> **EXERCISE DETAILS**: Look through the entries below for the line with "Merzifon Üssü'nden kalkan" and the line with "Car Image - 5P0LnYXkrEtlGct9WYMtRX", then give again exactly those two lines and all lines between them, minus the pictures.

> **INFORMATION GIVEN**:
===============
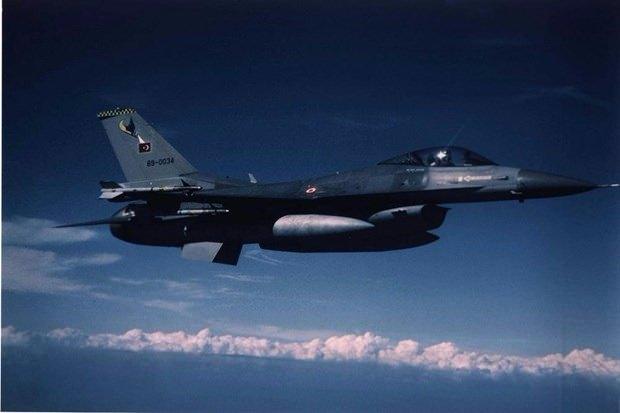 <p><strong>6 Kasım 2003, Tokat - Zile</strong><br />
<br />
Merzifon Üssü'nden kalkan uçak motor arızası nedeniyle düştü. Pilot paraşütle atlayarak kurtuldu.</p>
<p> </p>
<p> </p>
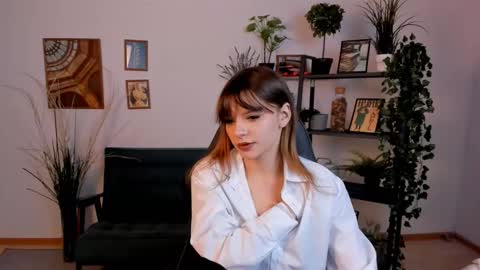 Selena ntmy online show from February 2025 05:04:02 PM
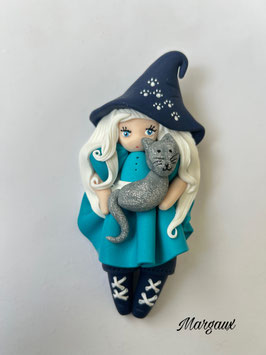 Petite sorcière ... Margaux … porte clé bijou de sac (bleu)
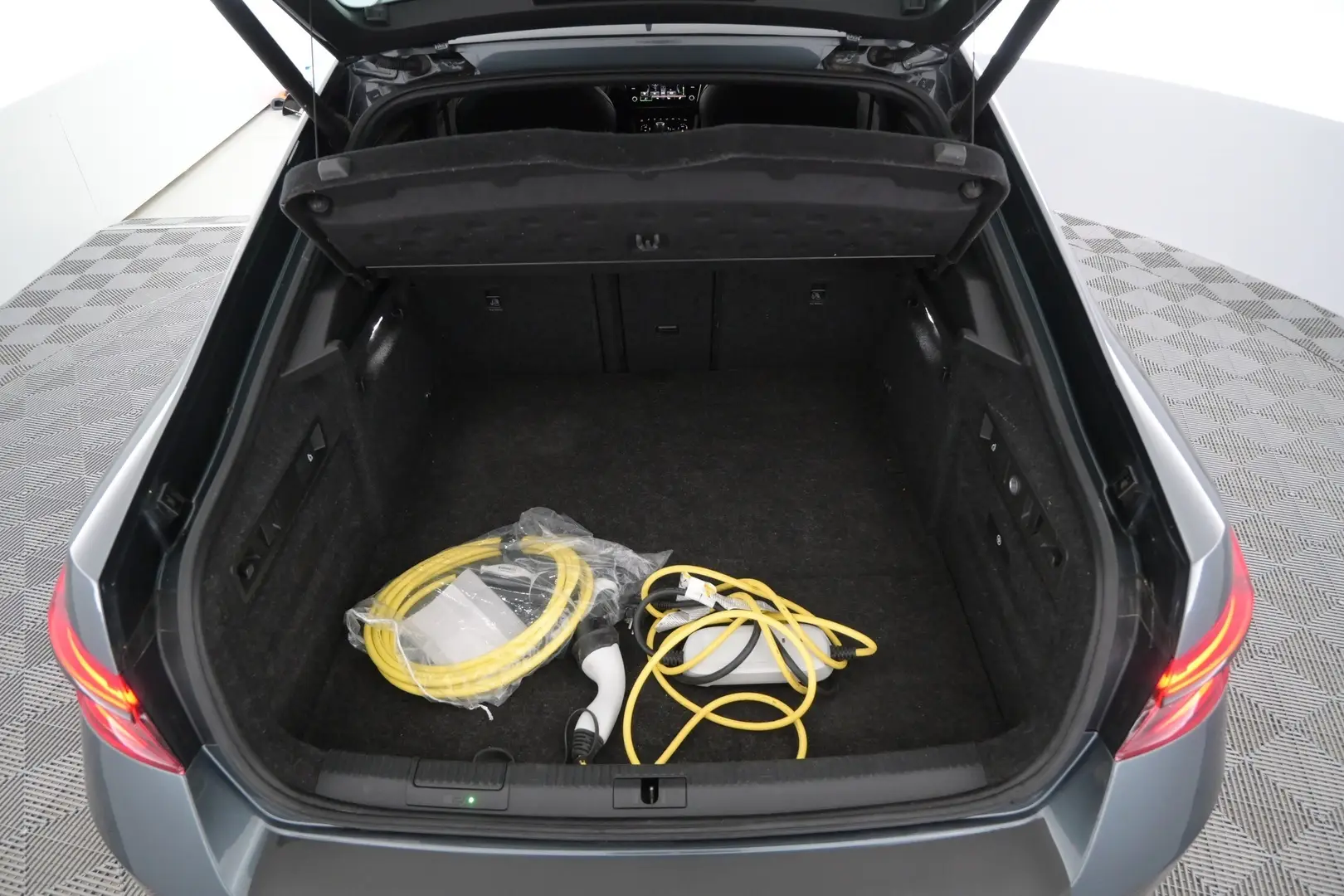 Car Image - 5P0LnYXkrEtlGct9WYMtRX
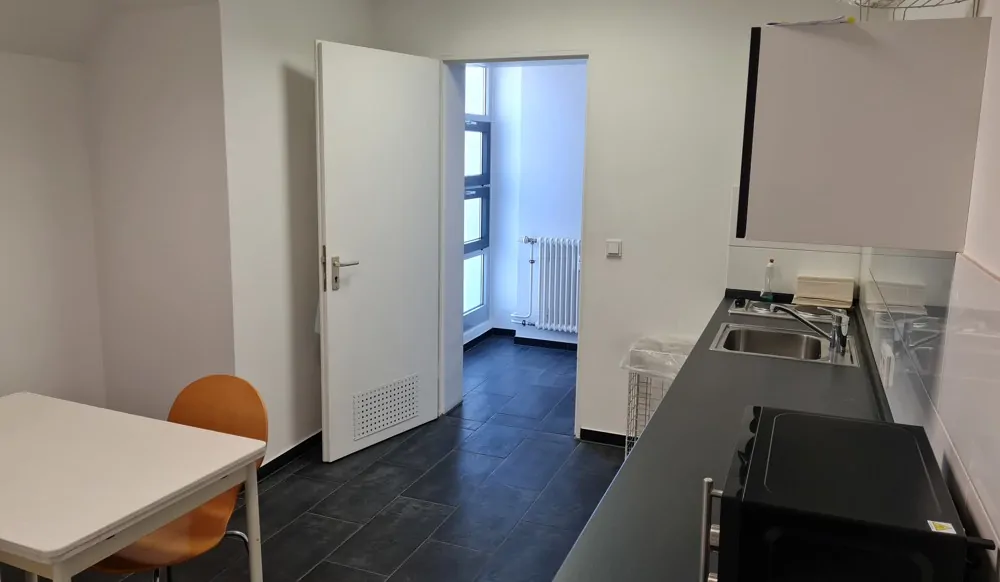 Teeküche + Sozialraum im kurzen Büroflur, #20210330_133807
===============
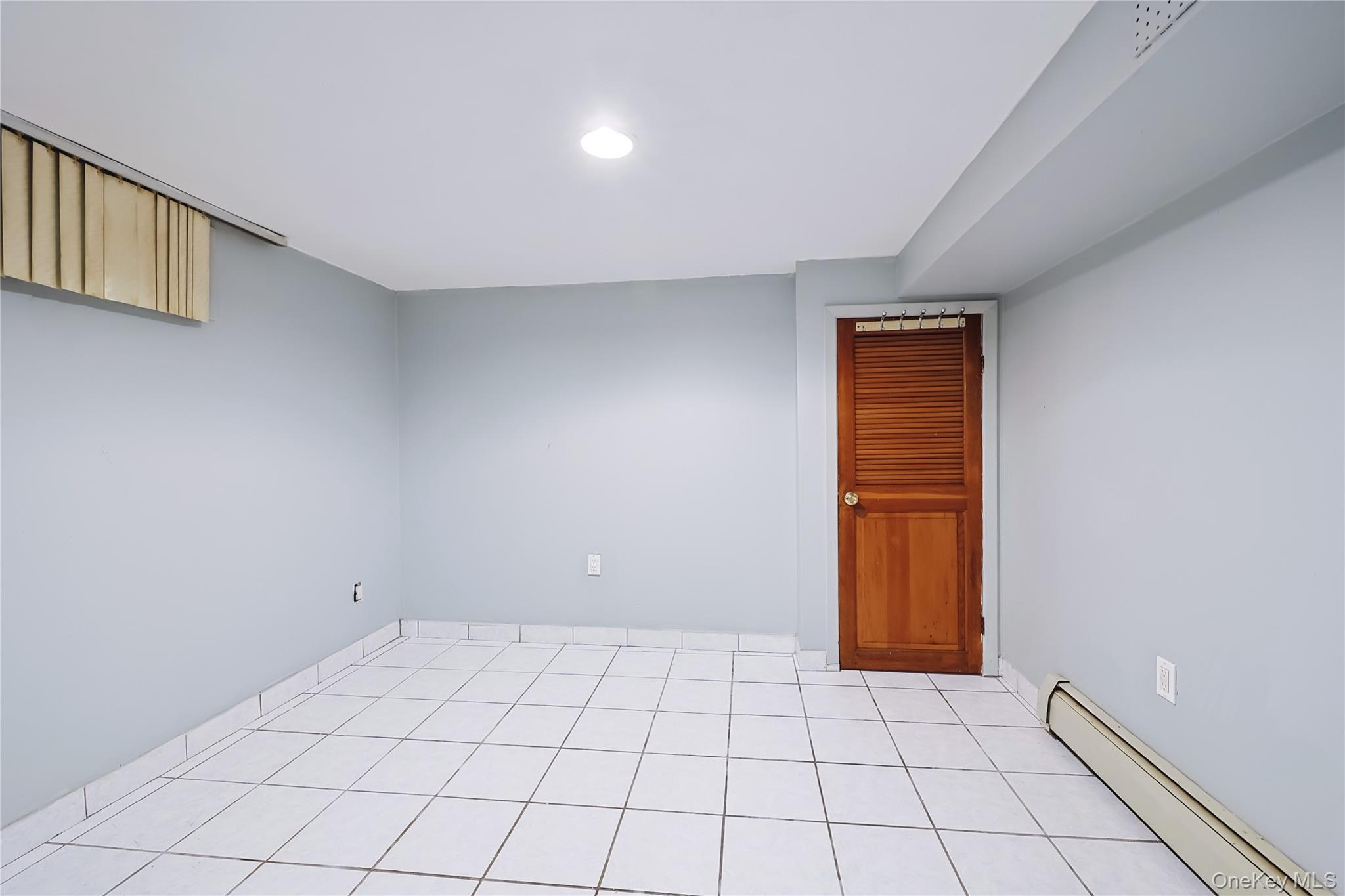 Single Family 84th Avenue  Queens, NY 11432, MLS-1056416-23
===============
> **EXERCISE RESPONSE**:
Merzifon Üssü'nden kalkan uçak motor arızası nedeniyle düştü. Pilot paraşütle atlayarak kurtuldu.</p>
<p> </p>
<p> </p>
 Selena ntmy online show from February 2025 05:04:02 PM
 Petite sorcière ... Margaux … porte clé bijou de sac (bleu)
 Car Image - 5P0LnYXkrEtlGct9WYMtRX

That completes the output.